__Data for review__:
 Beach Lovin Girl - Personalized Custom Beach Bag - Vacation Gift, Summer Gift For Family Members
* * *
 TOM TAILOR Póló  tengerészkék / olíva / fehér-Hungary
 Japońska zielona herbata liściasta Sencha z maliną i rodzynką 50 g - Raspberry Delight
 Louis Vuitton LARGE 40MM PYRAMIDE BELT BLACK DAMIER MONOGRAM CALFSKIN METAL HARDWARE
==
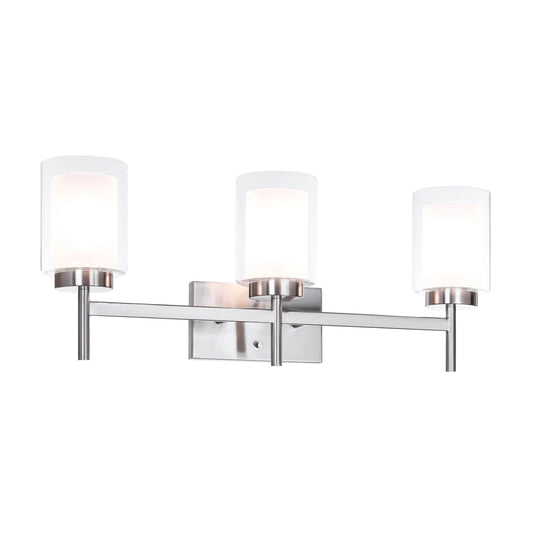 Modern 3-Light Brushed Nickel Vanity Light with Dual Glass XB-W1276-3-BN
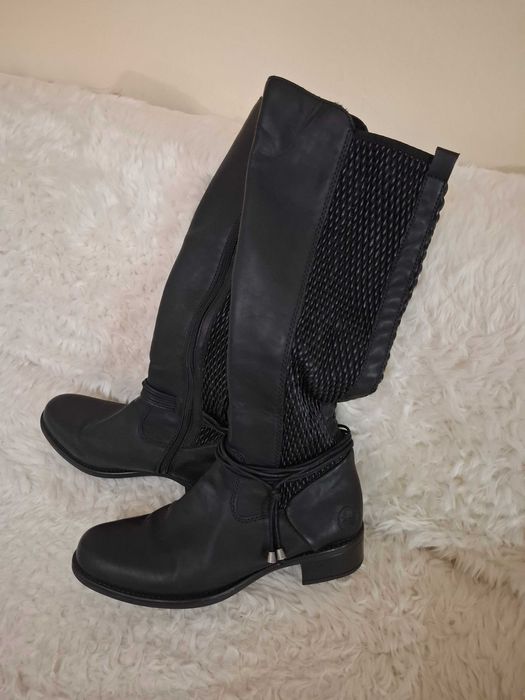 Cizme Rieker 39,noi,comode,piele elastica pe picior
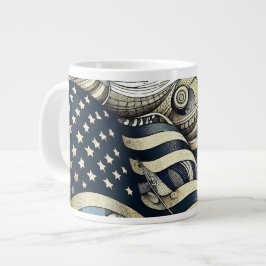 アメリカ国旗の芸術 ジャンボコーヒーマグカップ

__Description of the task__: In the data above, retype exactly and only the lines between the one holding "TOM TAILOR Póló" and the one holding "Louis Vuitton LARGE", inclusive.

__Task solution__:
 TOM TAILOR Póló  tengerészkék / olíva / fehér-Hungary
 Japońska zielona herbata liściasta Sencha z maliną i rodzynką 50 g - Raspberry Delight
 Louis Vuitton LARGE 40MM PYRAMIDE BELT BLACK DAMIER MONOGRAM CALFSKIN METAL HARDWARE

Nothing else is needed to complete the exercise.